Immigration and high-tech startups: not correlated, after all?

Some colleagues have just published a new analysis of high-tech entrepreneurs, and the results are  surprising. There has been a lot of talk  lately that high tech firms are disproportionally founded by immigrants.  But according to my interpretation of this new, and more carefully done, study, that’s  not true.  Here’s my summary of their results:

Only about 3 percent  of the founders of high-impact, high-tech companies are foreigners (about 60 out of 2034).   97 percent are US citizens, and specifically 87 percent are US-born, while 10 percent are naturalized US citizens.    Furthermore, most foreign-born founders lived in the US for decades.  These founders are statistically very similar to the average US population in terms of birth and immigration status.

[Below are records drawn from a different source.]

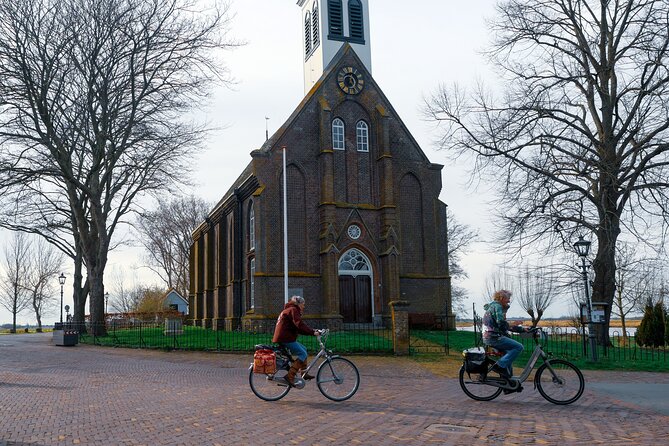 Cheese, Canals & Windmill Countryside E-Bike Tour Amsterdam - Nieuwendammerdijk: green wooden houses and captains’ history
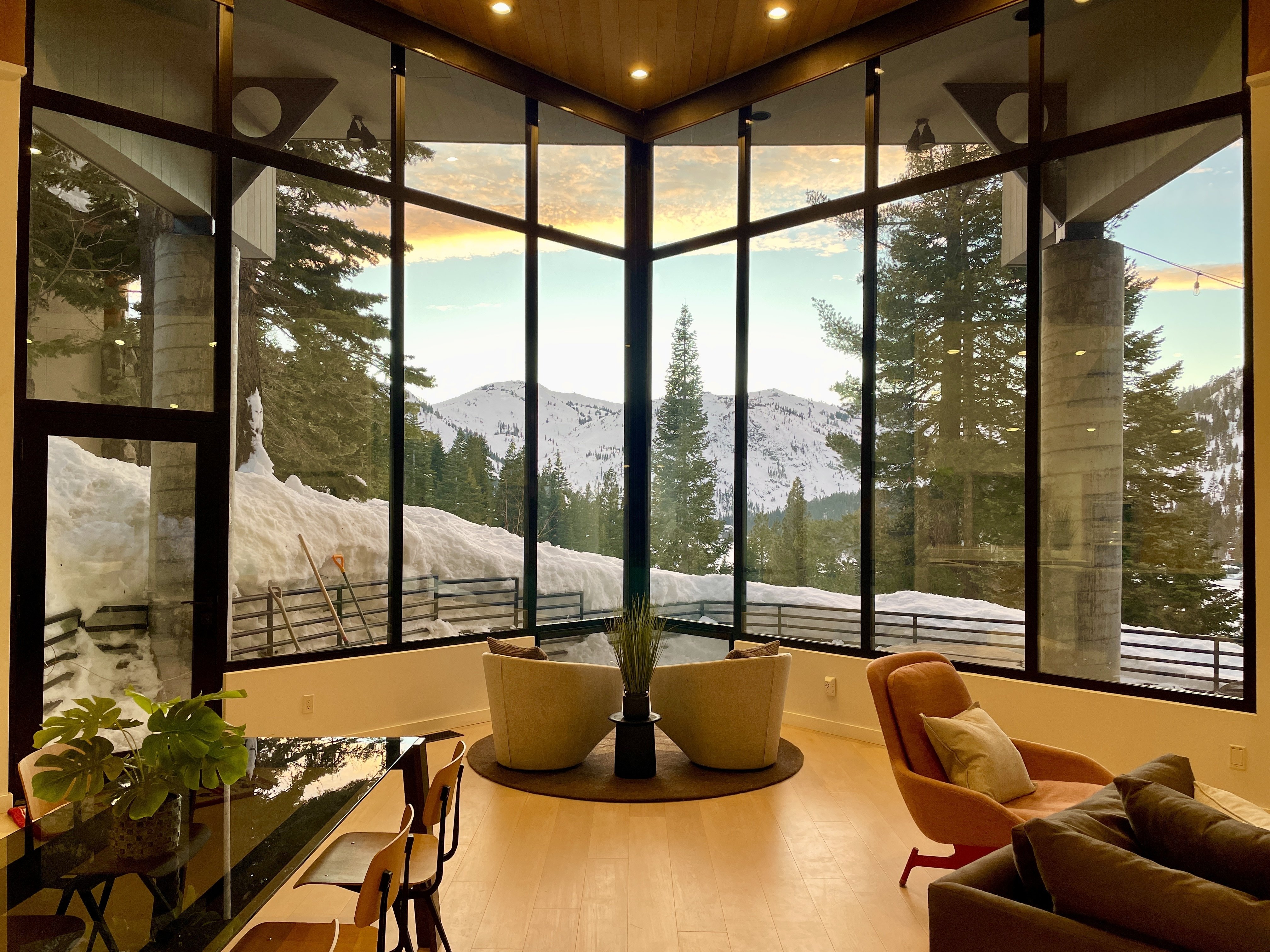 Furnished living room with floor-to-ceiling windows overlooking snowy mountains and evergreen trees.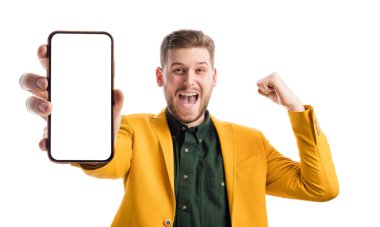 Neşeli erkek, boş boş alanı olan bir alet gösterirken, kazanan jest yapıyor. Zarif giyinen gülümseyen adam beyaz stüdyoda bir şey reklamını yapıyor..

What’s the evidence? The study is by David M. Hart, Zoltan J. Acs, and Spencer L. Tracy, Jr.High-tech Immigrant Entrepreneurship in the United States A summary of their report is at http://www.sba.gov/advo/research/rs349.pdf

Here’s the odd part: the authors draw a rather different conclusion from their data than I do. Specifically their lead is “The central finding of the study is that about 16% of the nationally representative sample of high-impact, high-tech businesses that we surveyed count at least one foreign-born person among their founding team.” And indeed, their data does say this. But they failed to make a comparison to the US population in general. And classifying as “immigrant founded” a firm with any foreign-born founders is inherently biasing the results toward a higher number. They report that “of the 205 Immigrant Founded Companies in the sample, more than half [ie. at least 8% of the firms in the sample] were founded only by foreign-born entrepreneurs,” which seems to me more informative than the 16% number.

For what it’s worth, I’m very sympathetic to the view that immigrants have a positive effect on technology and entrepreneurship. My nationalistic perspective is that we (the US) should educate in our universities the smartest kids we can get our hands on worldwide , and then keep them in the US.  We’ve always been a nation of immigrants, and there is no reason to change. Of course, there are many nuances and ramifications of this debate.

Here’s my comparison data on the general US population, based on latest-available information from US Census.  In 2003  about  11.7 percent of the population was foreign-born.    (http://www.census.gov/prod/2004pubs/p20-551.pdf)  Of these, only about 40 percent are naturalized US citizens (http://www.census.gov/prod/2003pubs/c2kbr-34.pdf). But corrected for the same average age (or residence time in the US), it looks like very roughly 70 percent of immigrants are  naturalized.  And, if we adjusted for region of residence, since startups and immigrants both disproportionally reside in some regions, the fraction of immigrants in their sample would probably be even lower than the general population in the same region.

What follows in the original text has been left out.